See more usage examples in the Jupyter Notebooks in the **example** folder of this repository, or in the [documentation](http://feature-engine.readthedocs.io).

## Contributing

Details about how to contribute can be found in the [Contributing Page](https://feature-engine.readthedocs.io/en/latest/contributing/index.html)

In short:

### Local Setup Steps
- Fork the repo
- Clone your fork into your local computer: ``git clone https://github.com/<YOURUSERNAME>/feature_engine.git``
- cd into the repo ``cd feature_engine``
- Install as a developer: ``pip install -e .``
- Create and activate a virtual environment with any tool of choice
- Install the dependencies as explained in the [Contributing Page](https://feature-engine.readthedocs.io/en/latest/contributing/index.html)
- Create a feature branch with a meaningful name for your feature: ``git checkout -b myfeaturebranch``
- Develop your feature, tests and documentation
- Make sure the tests pass
- Make a PR

Thank you!!

### Opening Pull Requests
PR's are welcome!

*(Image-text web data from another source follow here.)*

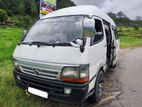 Toyota Hiace Highroof Van For Hire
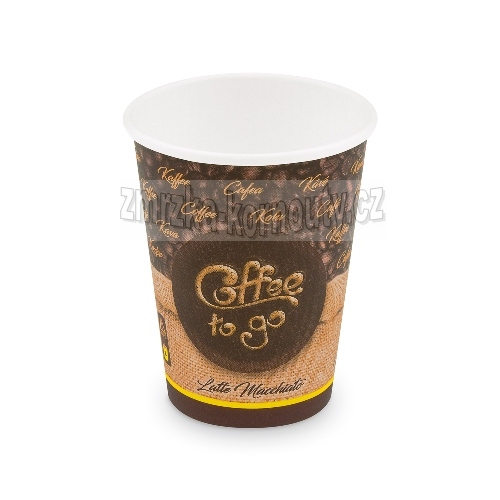 Papírový kelímek "Coffee to go" L 420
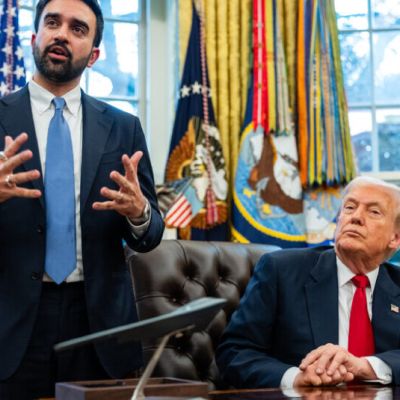 Trump and Mamdani’s News Conference: Read the Transcript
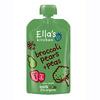 Ella's Kitchen Broccoli Pears + Peas babymos, 4+ mdr. Ø - 120 gr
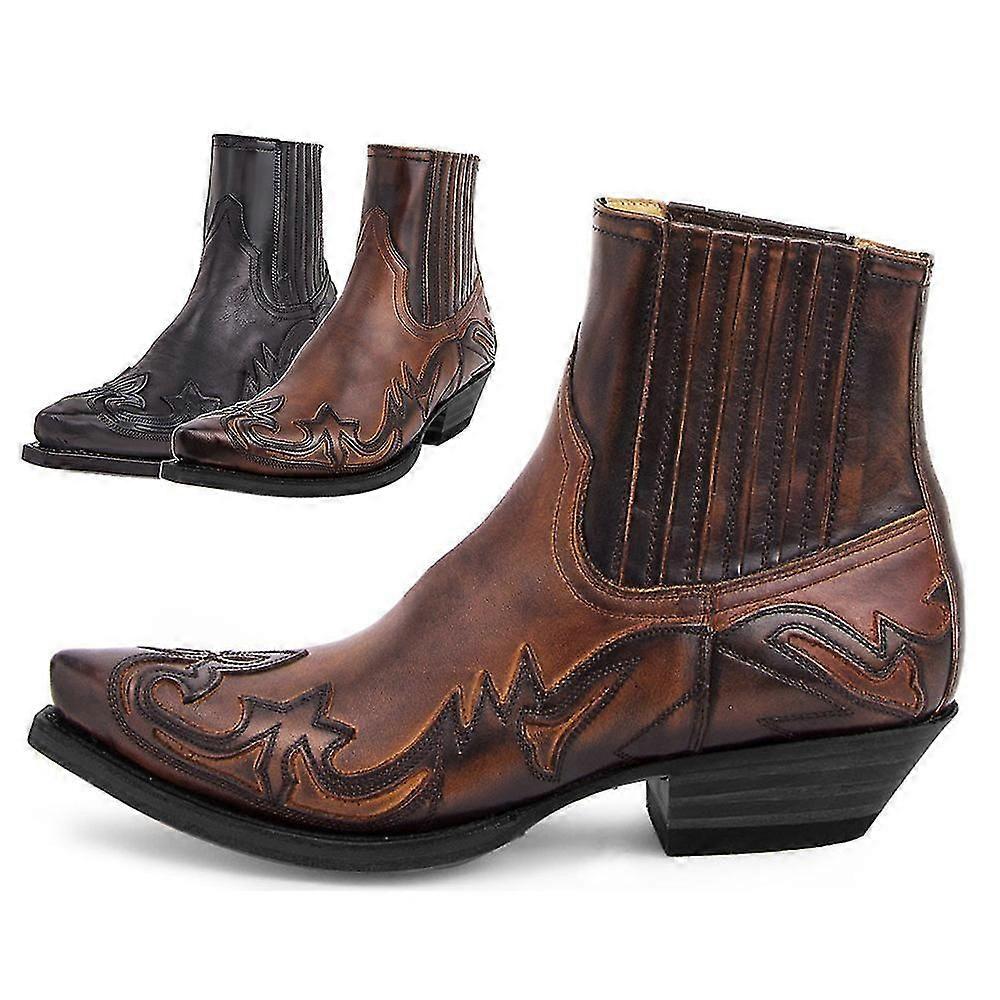 Sven | Bottes de cowboy western en cuir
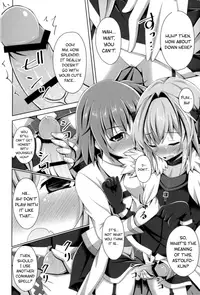 (C93) [Imitation Moon (Narumi Yuu)] Onnanoko Doushi Janai Kedo Daijoubu Janai yo!? (Fate/Grand Order) [English] [biribiri]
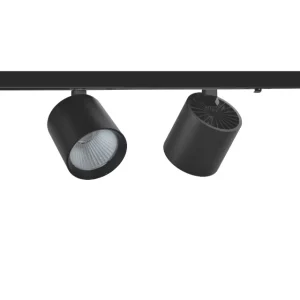 Linear 2700K 3000K 5000K Adjustable 360-Degree Moving Head Spot Ceiling Track Light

Please make sure the CI tests pass on your branch.

### Tests

We prefer tox. In your environment:

- Run `pip install tox`
- cd into the root directory of the repo: ``cd feature_engine``
- Run `tox` 

If the tests pass, the code is functional.

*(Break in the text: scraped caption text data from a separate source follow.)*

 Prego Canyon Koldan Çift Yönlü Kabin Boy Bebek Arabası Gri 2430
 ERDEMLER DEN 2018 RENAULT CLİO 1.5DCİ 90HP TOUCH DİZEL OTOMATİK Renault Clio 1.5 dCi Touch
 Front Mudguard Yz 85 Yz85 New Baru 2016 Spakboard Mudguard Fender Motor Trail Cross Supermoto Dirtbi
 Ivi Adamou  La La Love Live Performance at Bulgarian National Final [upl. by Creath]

You can also run the tests in your environment (without tox). For guidelines on how to do so, check the [Contributing Page](https://feature-engine.readthedocs.io/en/latest/contributing/index.html).


### Documentation

Feature-engine documentation is built using [Sphinx](https://www.sphinx-doc.org) and is hosted on [Read the Docs](https://readthedocs.org/).

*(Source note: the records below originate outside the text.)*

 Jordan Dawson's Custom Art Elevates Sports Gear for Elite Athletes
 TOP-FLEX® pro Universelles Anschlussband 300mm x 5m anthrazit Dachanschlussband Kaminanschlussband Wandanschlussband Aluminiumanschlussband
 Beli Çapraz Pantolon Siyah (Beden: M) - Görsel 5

To build the documentation make sure you have the dependencies installed. From the root directory: ``pip install -r docs/requirements.txt``.

Now you can build the docs: ``sphinx-build -b html docs build``


## License

BSD 3-Clause


## References

Many of the engineering and encoding functionalities are inspired by this [series of articles from the 2009 KDD Competition](http://www.mtome.com/Publications/CiML/CiML-v3-book.pdf).